C'è poco da dire, il brevetto da paracadutista è ambito da ogni militare e in ogni forza armata. Non è infatti assolutamente raro vederli brillare anche sulle divise dell'Arma o della Marina. Ma mentre ci si sofferma ad ammirare un lancio da un C-130, si riflette mai abbastanza sul pezzo di tela e la storia che ha permesso a Leonardo da Vinci di veder realizzato uno dei suoi progetti: "ognuno si potrà gittare da qualsiasi altezza senza alcun rischio"?
Poche settimane addietro l'esercito statunitense ha svolto test sui paracadute di riserva per eliminare rischi di aperture premature. Incuriositi dalla singolare sperimentazione abbiamo colto l'occasione per chiedere all'ufficio stampa dell'Esercito di approfondire l'argomento intervistando due professionisti di riferimento.

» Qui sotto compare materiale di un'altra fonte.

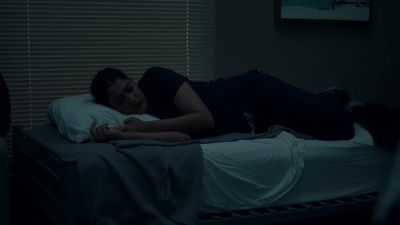 I've seen a lot of gross stuff, - The Resident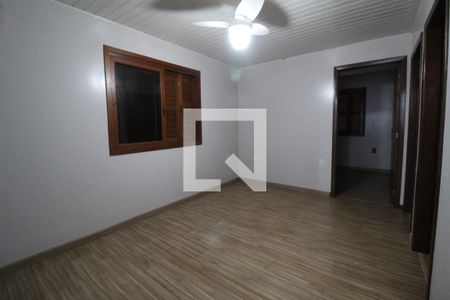 Sala de casa para alugar com 3 quartos, 80m² em Fátima, Canoas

In brevissimo tempo ("tempi Folgore") siamo stati messi in contatto con il colonnello Cristiano Maria Dechigi, il vice comandante della brigata paracadutisti, ed il sergente maggiore Umberto Arcella, sottufficiale "Ripiegatore" del battaglione AVIO - compagnia Aviolanci e Manutenzione.
Il colonnello Dechigi ha 40 anni di carriera alle spalle e con malcelata ammirazione mi viene descritto come la "memoria storica" del paracadutismo militare italiano. Rivolgiamo a lui le prime domande...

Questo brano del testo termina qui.